Update Model Update the ensemble prediction:
\[ F_m(x) = F_{m-1}(x) + \nu \cdot h_m(x) \]where \(\nu\) is the learning rate (step size, like in gradient descent).
Repeat Continue until convergence (or max trees).
3. Math Example (Regression with MSE)#
Loss:
\[ L(y, \hat{y}) = \frac{1}{2}(y - \hat{y})^2 \]Gradient wrt prediction:
\[ \frac{\partial L}{\partial \hat{y}} = \hat{y} - y \]Negative gradient (pseudo-residual):
\[ r = y - \hat{y} \]
👉 So each new tree is simply trained to predict the residuals.
4. Connection to Gradient Descent#
In classical gradient descent, we directly adjust weights:
\[ \theta := \theta - \alpha \nabla_\theta J(\theta) \]In gradient boosting, we adjust the function (the model) itself by adding trees:
\[ F_m(x) = F_{m-1}(x) - \alpha \nabla J(F_{m-1}(x)) \](but instead of moving directly, we fit a new weak learner to approximate that gradient).
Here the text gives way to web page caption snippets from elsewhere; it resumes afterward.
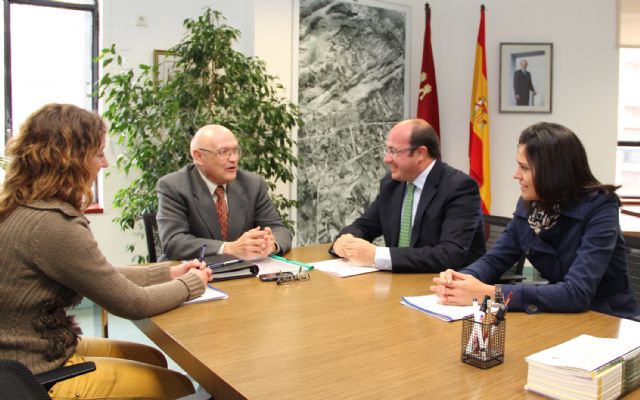 El Alcalde se reúne con el director general de Medio Ambiente para planificar nuevas medidas destinadas a la protección de los espacios naturales del municipio - 1, Foto 1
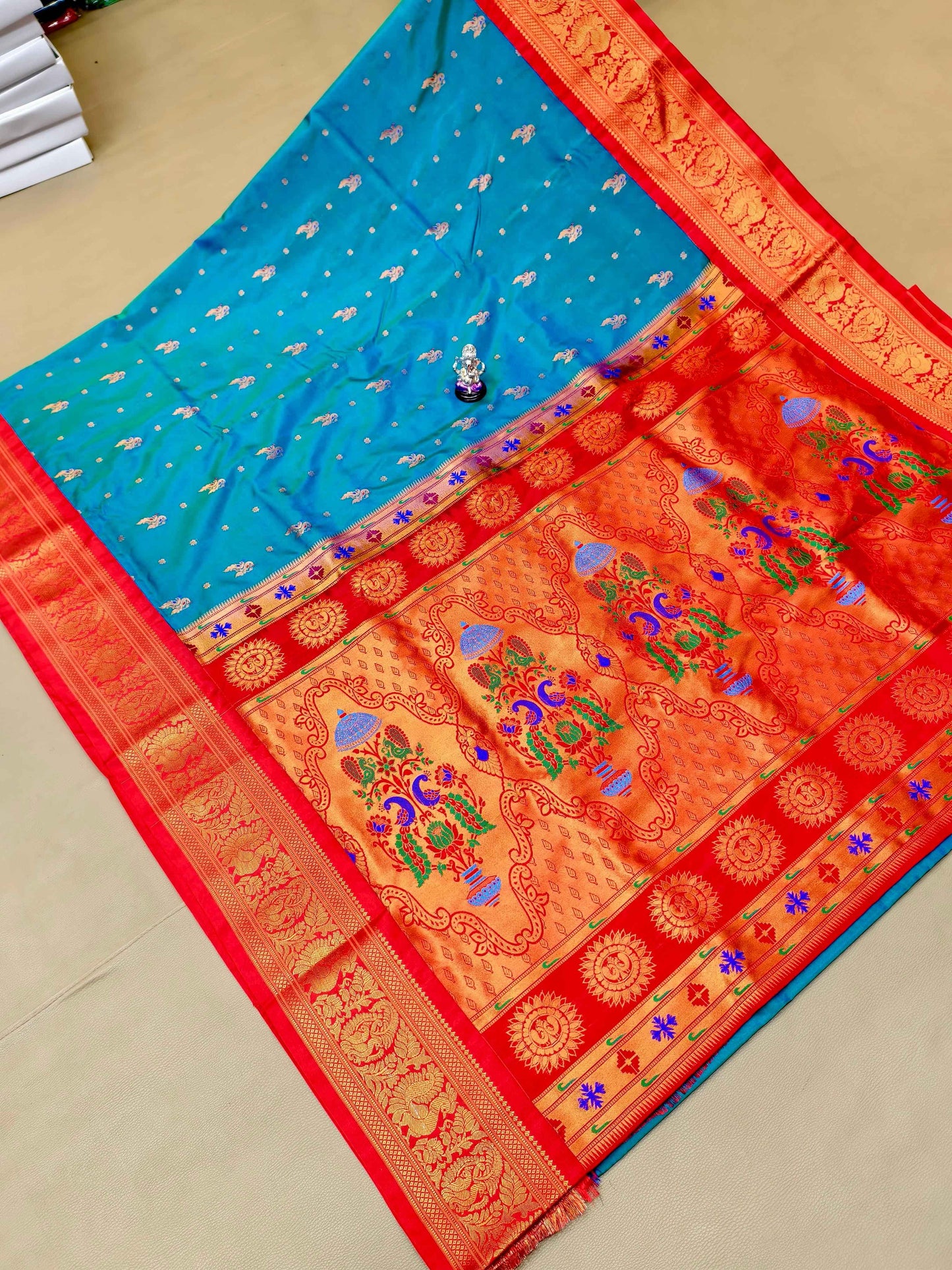 Beautiful Peacock Butti Kadiyal Paithani Saree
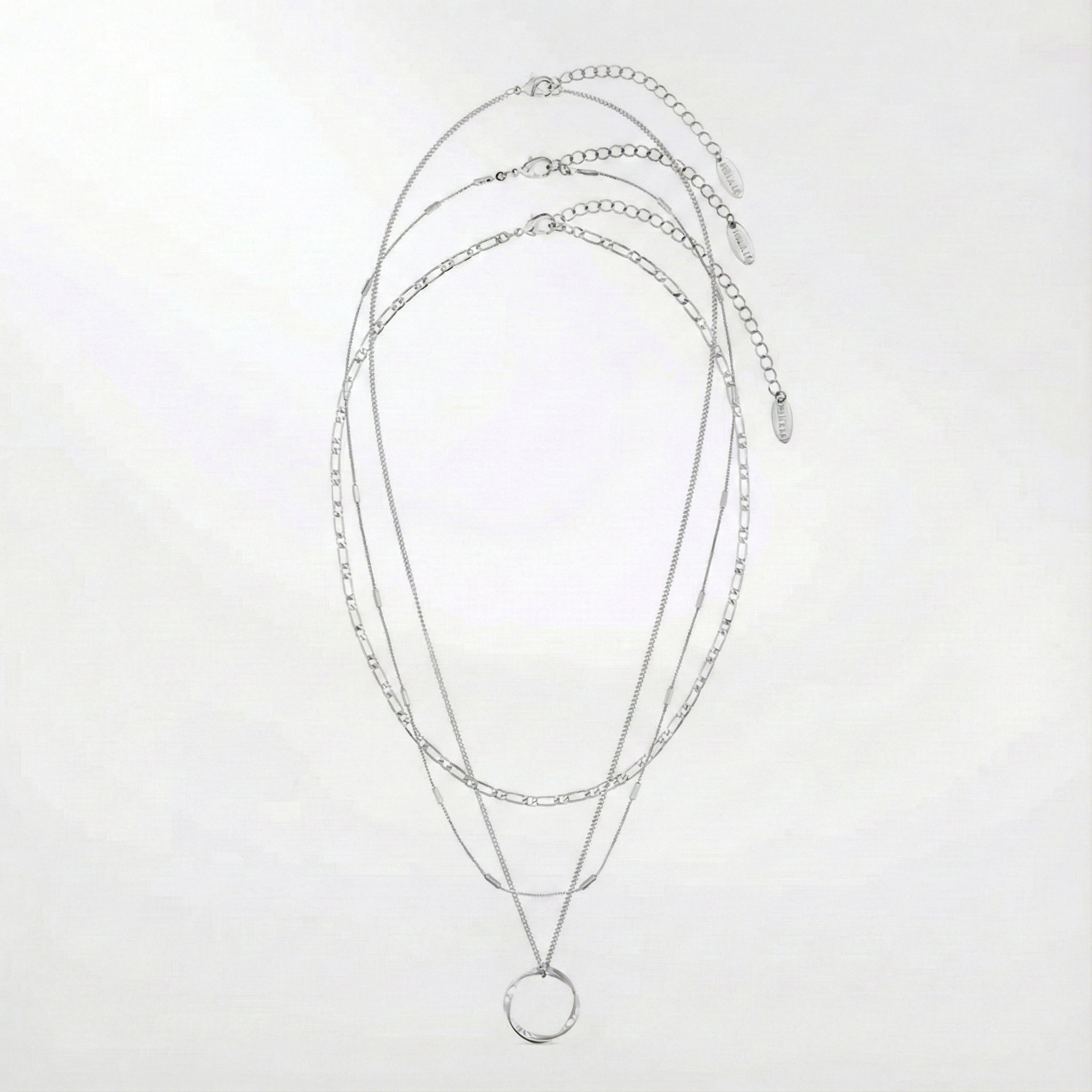 Åben halskæde med tre rækker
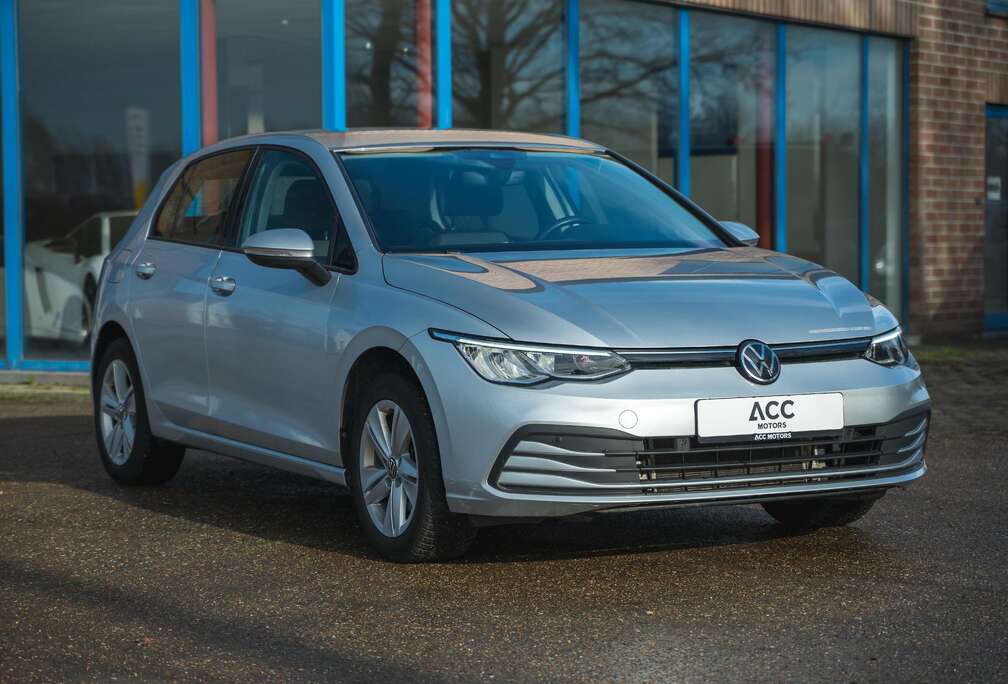 Volkswagen Golf 1.0 TSI Life Business OPF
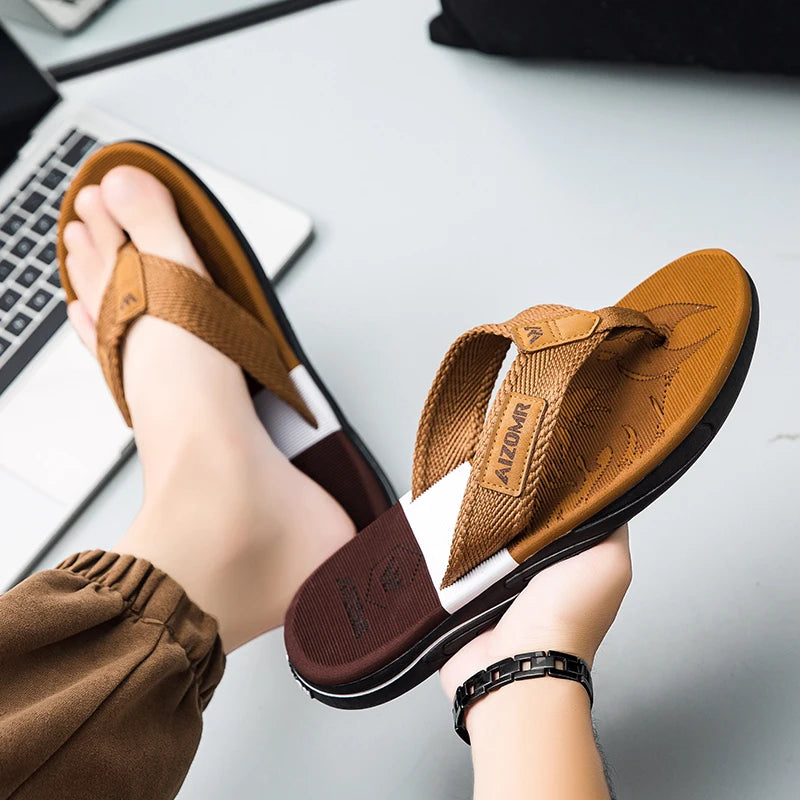 High-end men's flip-flops 2025, anti-slip, wear-resistant, odorless, new summer outerwear flip-flops, beach sandals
So: 👉 Gradient Boosting = Gradient Descent in Function Space.
5. Key Hyperparameters in Gradient Boosting#
Number of Trees: more trees → better fit (but risk of overfitting).
Learning Rate (ν): smaller = slower but more accurate.
Tree Depth: controls complexity of weak learners.
Subsampling: random sampling of data at each iteration (used in Stochastic Gradient Boosting).
6. Famous Implementations#
GBM (Gradient Boosting Machine)
XGBoost (extreme GBM, optimized for speed/regularization)
LightGBM (uses leaf-wise growth, very fast on large data)
CatBoost (handles categorical features efficiently).
Summary
Gradient Boosting combines boosting + gradient descent.
Instead of updating weights directly, it adds weak learners trained on gradients (residuals) of the loss.
Think of it as “building a model by taking gradient descent steps in model space.”